As Sun gets set to announce its Sun ONE Application Server 7 at LinuxWorld, and plans to ship its Sun ONE Linux Desktop in the second quarter of 2003, the company along with Ximian will unveil plans to distribute a new connector called the Sun ONE Connector for Ximian Evolution. The connector will be available in mid-2003 through both Ximian and Sun.

Evolution, which first shipped in December 2001, has emerged as a popular open-source e-mail and calendaring client and is bundled with a variety of leading Linux distributions including Red Hat, SuSE, Mandrake and Lindows.

The connector will give Linux and Solaris users a fully enabled client for e-mail, calendaring and scheduling, and other personal information tasks, said Jon Perr, director of marketing for Ximian.
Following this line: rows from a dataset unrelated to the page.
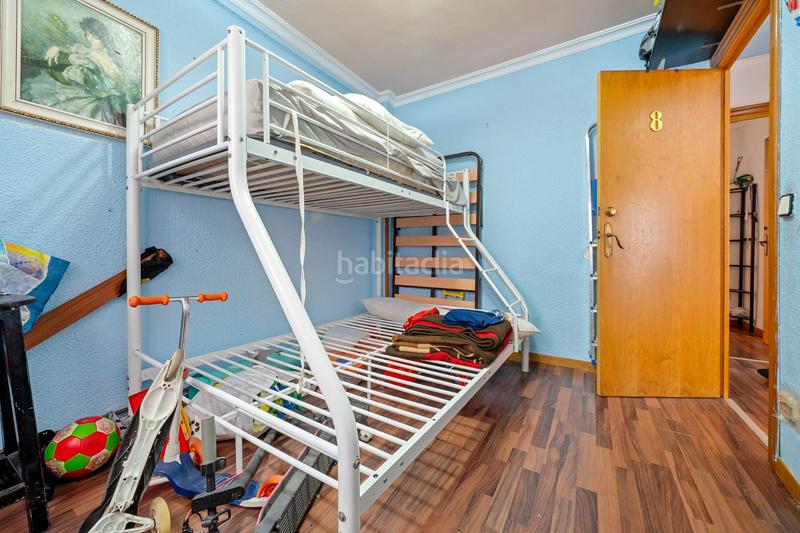 Foto bfcc18f4-a6be-4605-b3fc-9baf30e9b02f. Appartement avec chauffage dans Migjorn Reus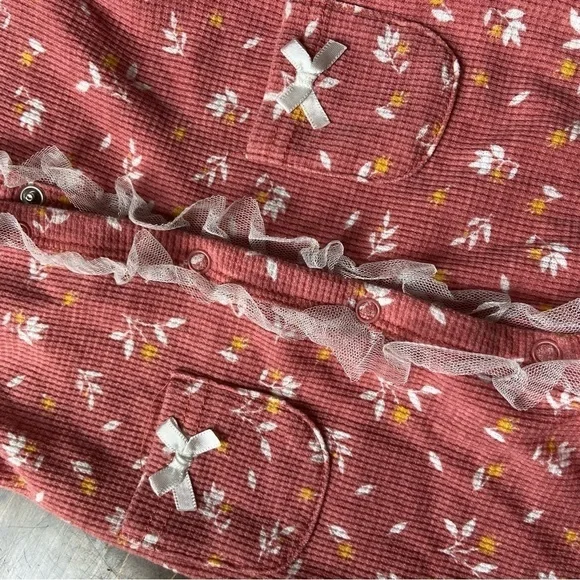 🦄Baby Set - Picture 6 of 6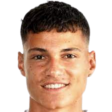 https://img.833zhibooq.com.cn/img/football/player/1e8b352389fc58ed120c7235fa830e0b.png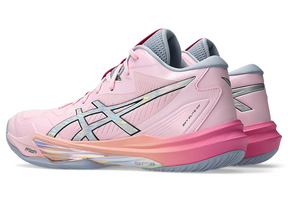 Tênis Asics Sky Elite FF MT 3 'Futurity'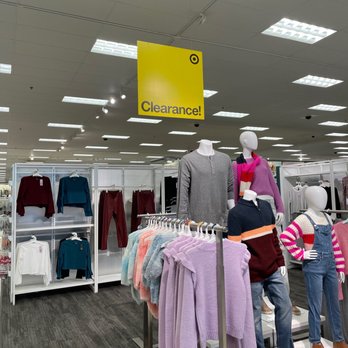 TARGET - Updated December 2025 - 266 Photos & 94 Reviews - 13731 W Bell ...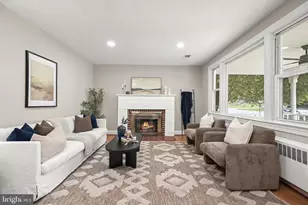 410 Darlene Ave, Linthicum Heights, MD 21090 - Photo 3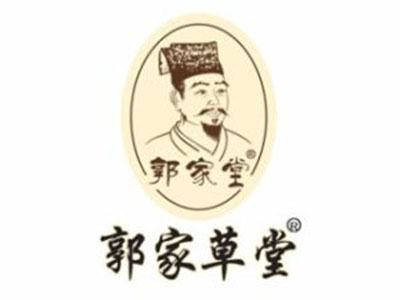 郭家堂鼻炎馆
As Ximian's Connector for Exchange enabled the Evolution client for Microsoft Exchange, this connector will enable Linux and Windows users to have a fully functional e-mail and groupware client to run with the Sun ONE Messaging Server and collaboration server, said Perr.

"It's an Evolution client for Linux and Unix," Perr said during a meeting at the Javits Center in New York. "It's a partnership whereby Sun and Ximian are integrating Evolution client with Sun ONE servers."
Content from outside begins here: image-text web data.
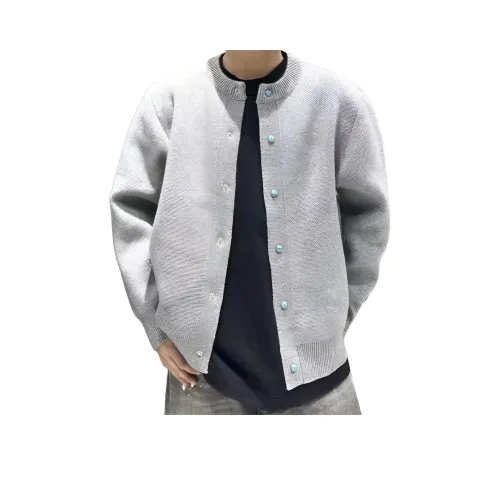 Hypeyourself Унисекс Трикотаж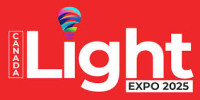 Canada's Premier Expo on Lighting & LED Solutions Mississauga 2026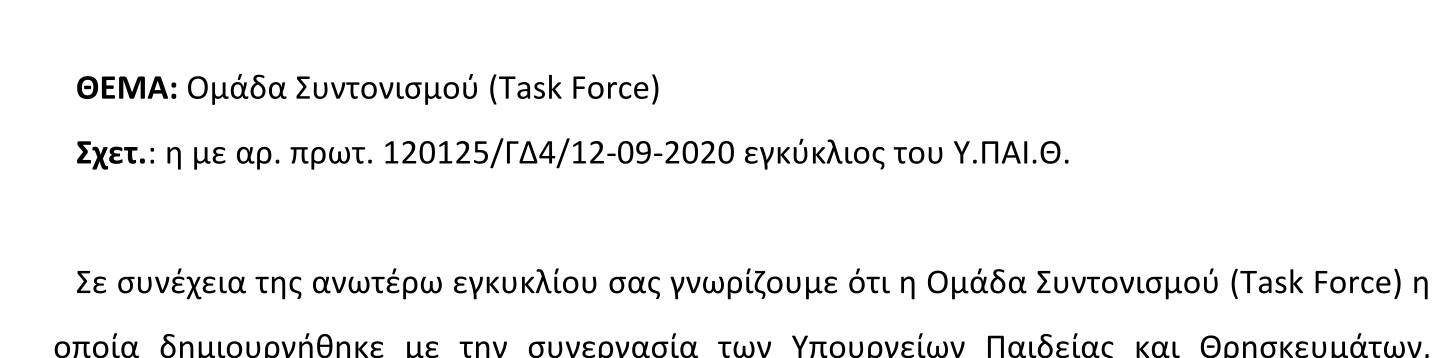 128943154_1789116544589342_7554741153634613679_o.jpg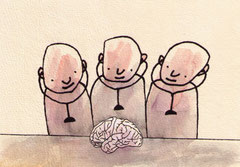 PSYCHIATRIEKONGRESS    20X29 cm 165,-€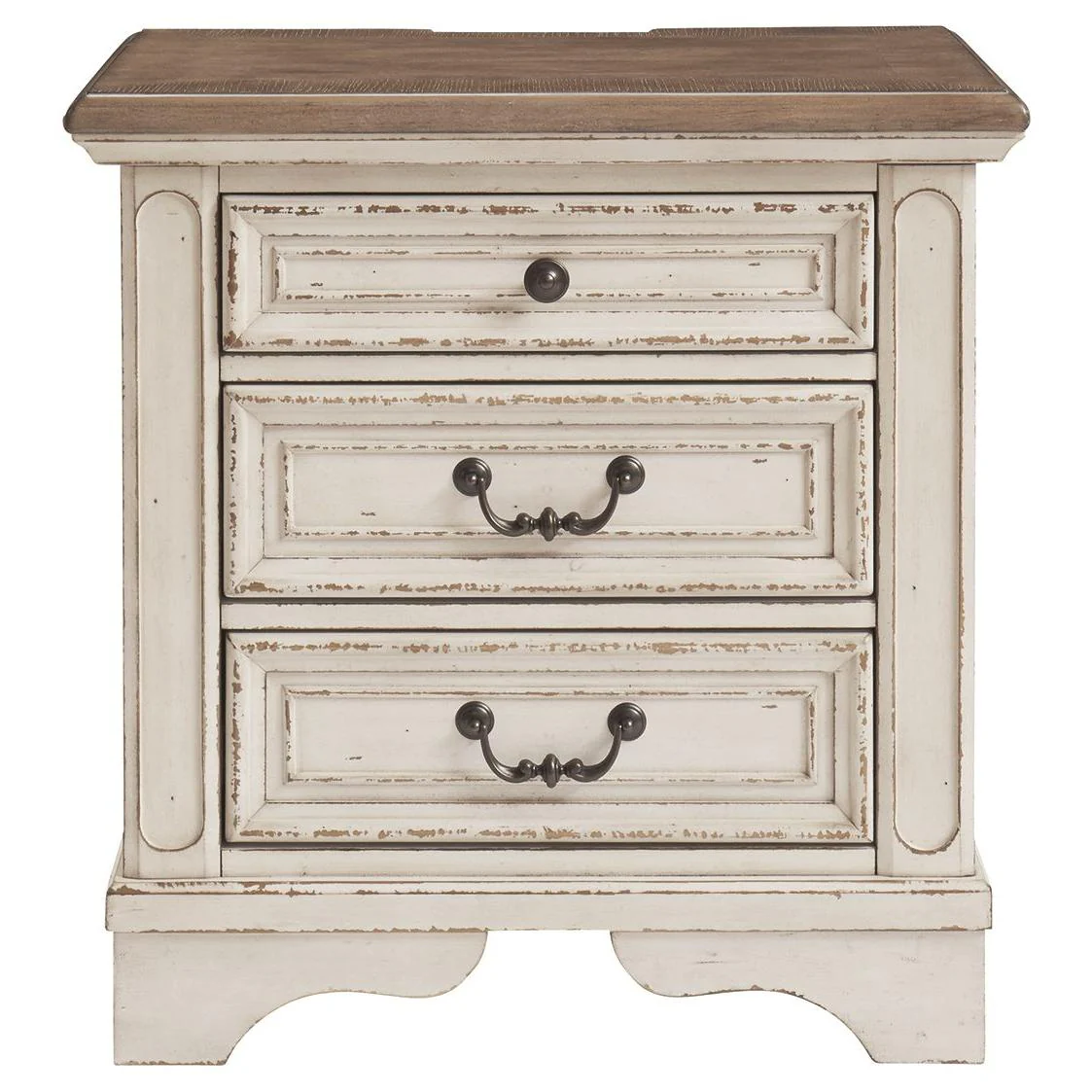 Product image 85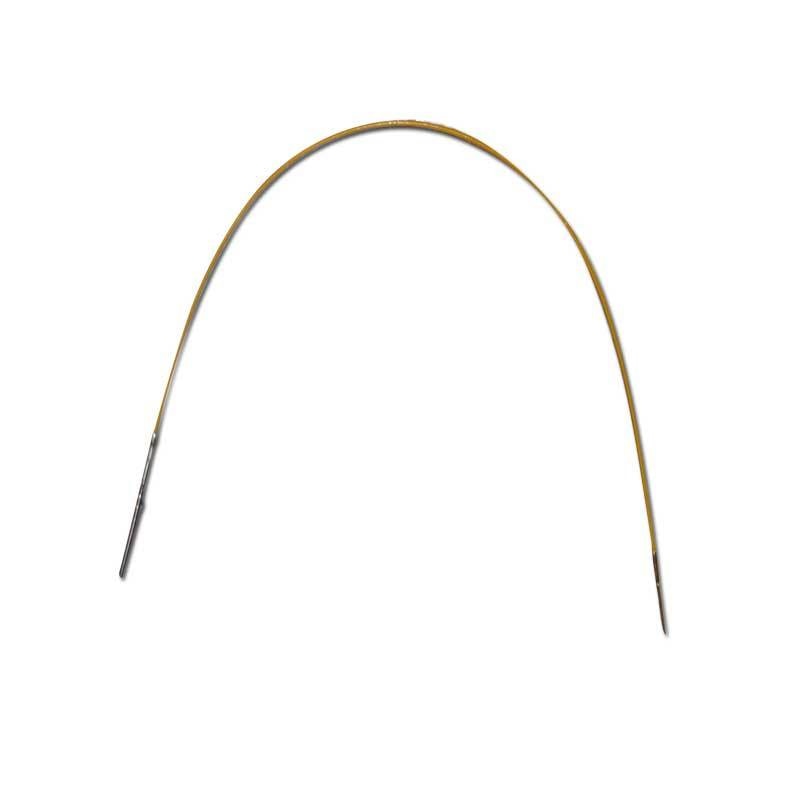Beam Wessel Werk OEM Wire For Quick Release Neck 350mm - Wessel Werk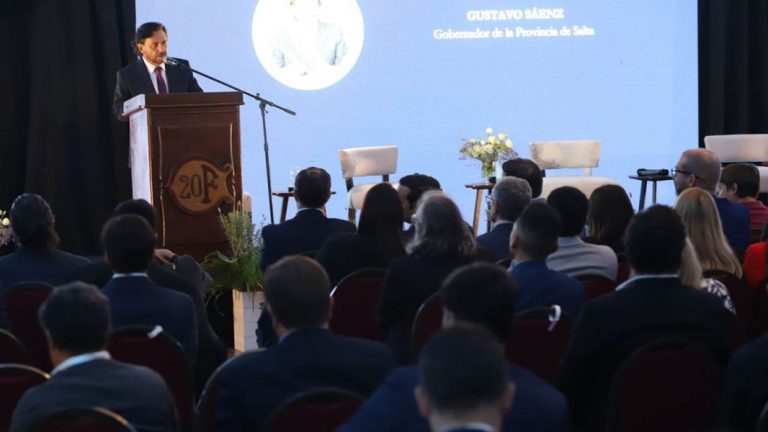 98302-impacto-del-rigi-en-la-mineria-saenz-resalta-el-potencial-de-inversion-del-sector-en-salta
Since launching its first Linux distribution and LX50 server last year, Sun has been moving more aggressively to add Linux software support for customers.

Sun's planned Sun ONE Linux Desktop is now scheduled for delivery during the second quarter of 2003, a Sun spokeswoman said. It will incorporate an enhanced version of Ximian's Evolution client based on GNOME 2.0, Ximian's Perr said.

Additionally, Sun is expected to announce availability of its Sun ONE Application Server 7 for Linux at the New York show. AppServer 7 was first announced last fall for Unix and Windows.